Source information:
*-*-*

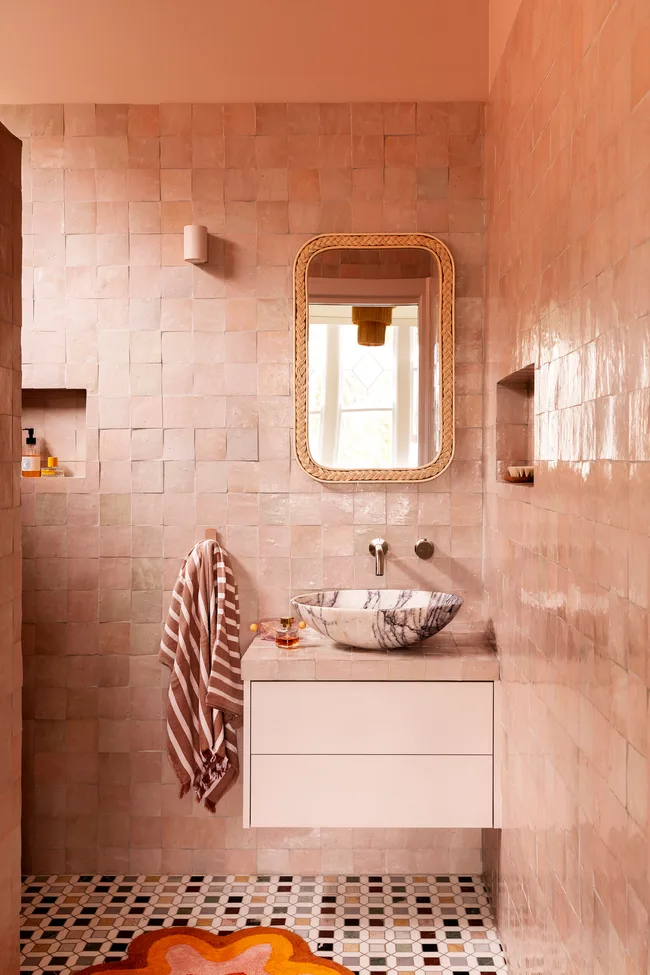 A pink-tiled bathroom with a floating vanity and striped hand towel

*-*-*

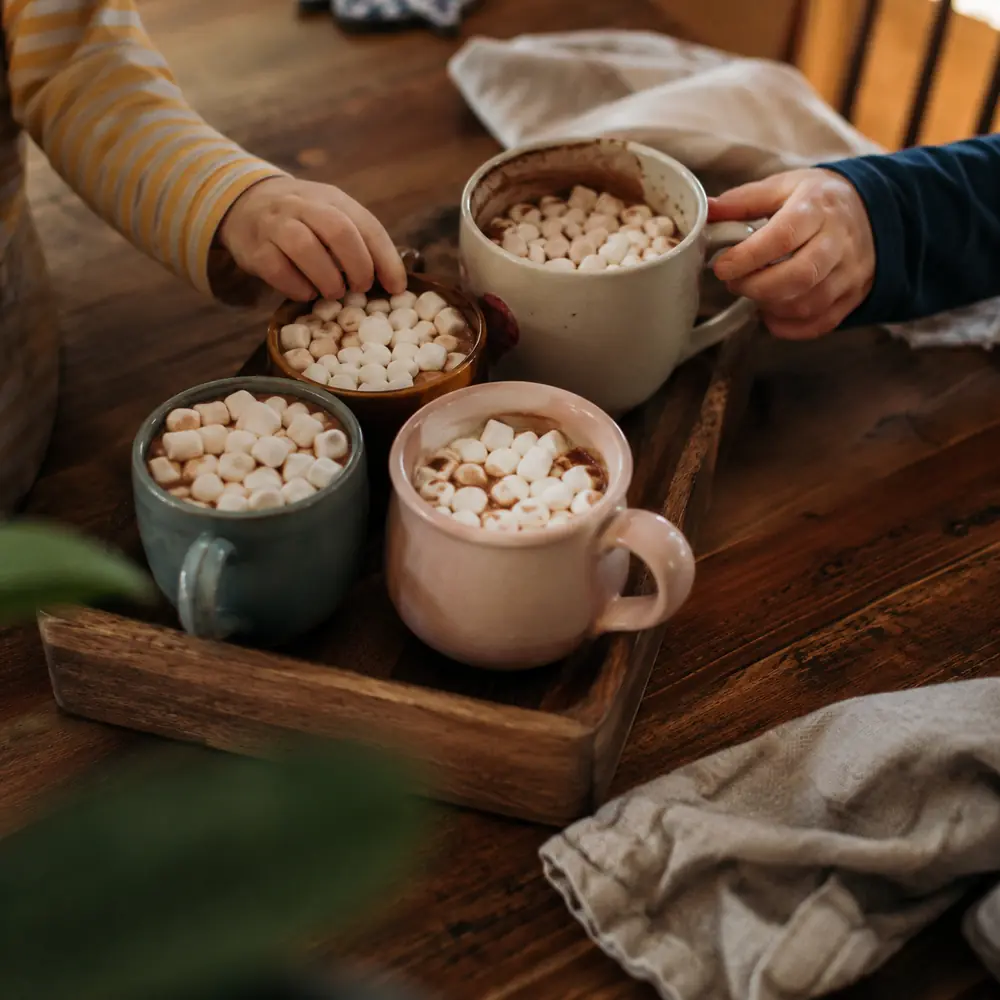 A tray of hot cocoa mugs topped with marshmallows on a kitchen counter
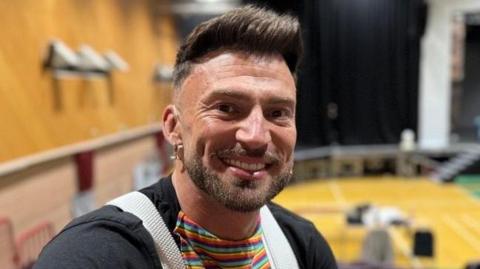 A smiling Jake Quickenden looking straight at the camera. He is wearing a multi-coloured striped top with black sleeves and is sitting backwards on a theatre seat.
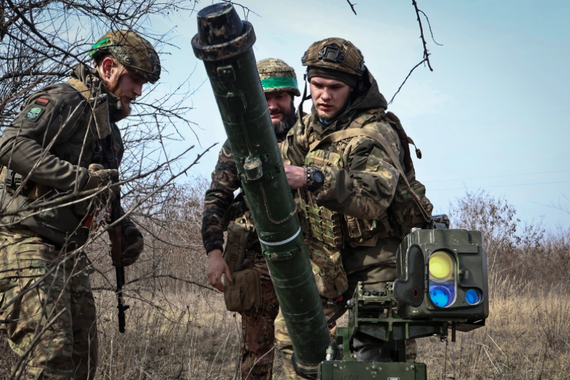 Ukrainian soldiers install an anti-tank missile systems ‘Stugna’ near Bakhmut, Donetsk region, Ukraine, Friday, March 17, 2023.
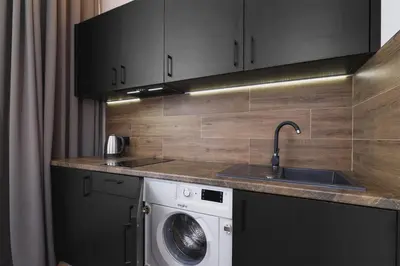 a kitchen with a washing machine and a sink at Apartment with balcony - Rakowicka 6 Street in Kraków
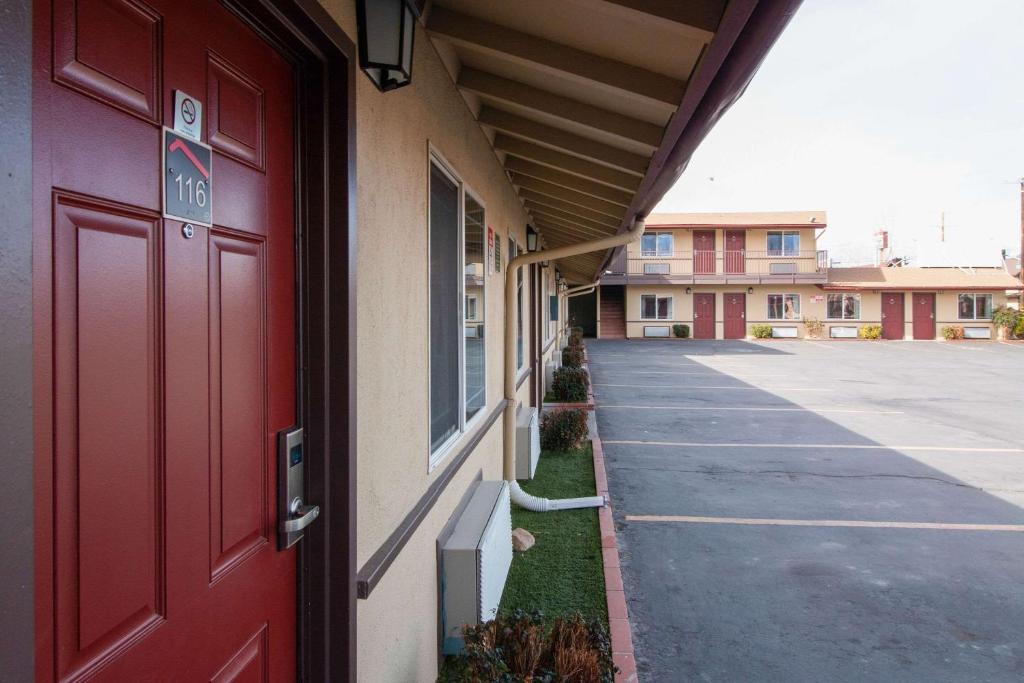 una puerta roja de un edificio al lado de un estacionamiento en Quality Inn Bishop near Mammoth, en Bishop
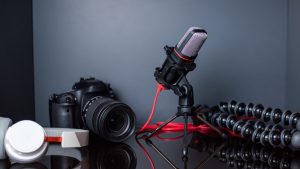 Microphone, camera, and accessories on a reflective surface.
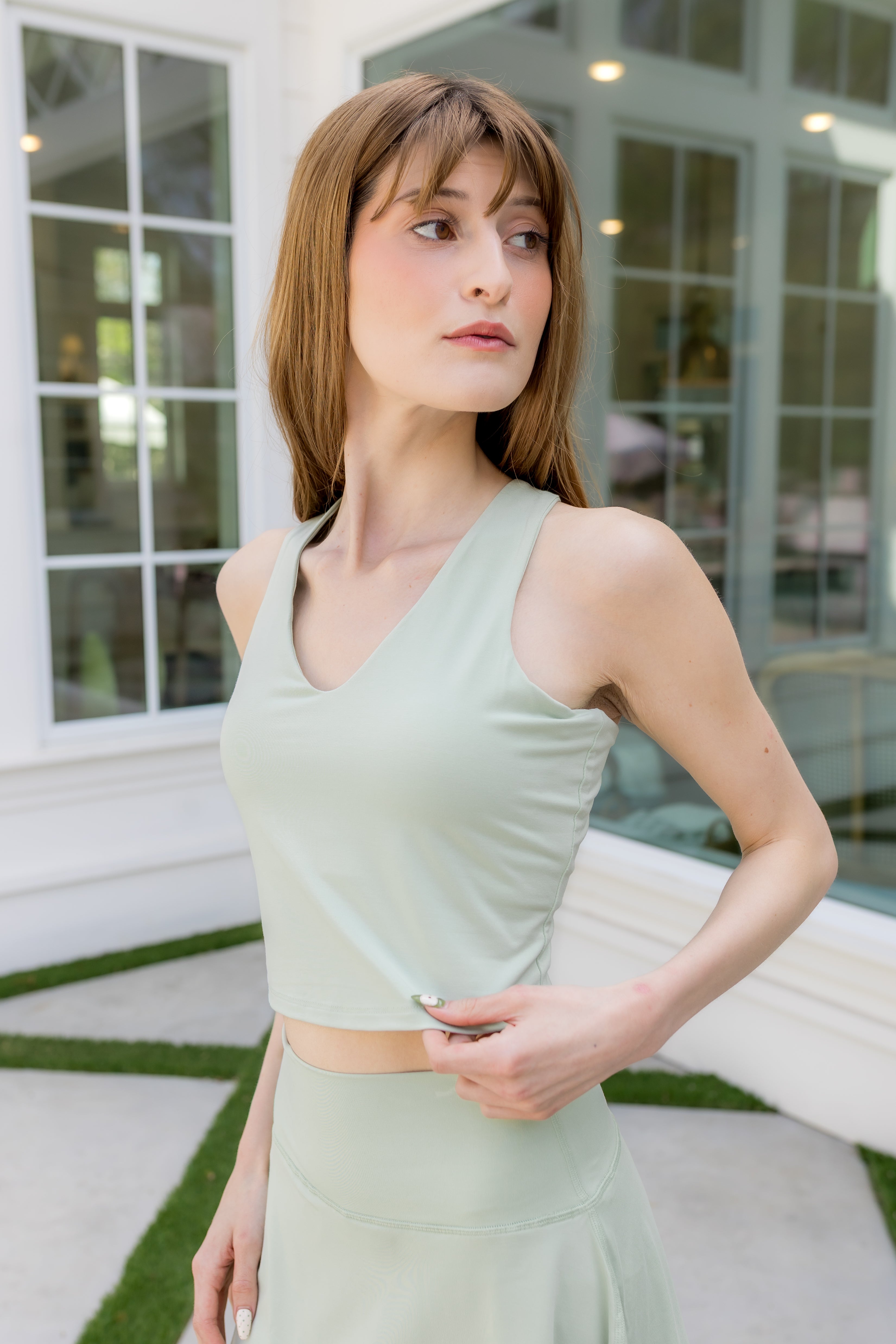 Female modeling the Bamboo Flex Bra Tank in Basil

*-*-*

Problem to solve: Leave out every picture, and copy exactly the lines above starting at the one holding "una puerta roja" and ending at the one holding "Female modeling the", no more and no less.

Exercise answer:
 una puerta roja de un edificio al lado de un estacionamiento en Quality Inn Bishop near Mammoth, en Bishop
 Microphone, camera, and accessories on a reflective surface.
 Female modeling the Bamboo Flex Bra Tank in Basil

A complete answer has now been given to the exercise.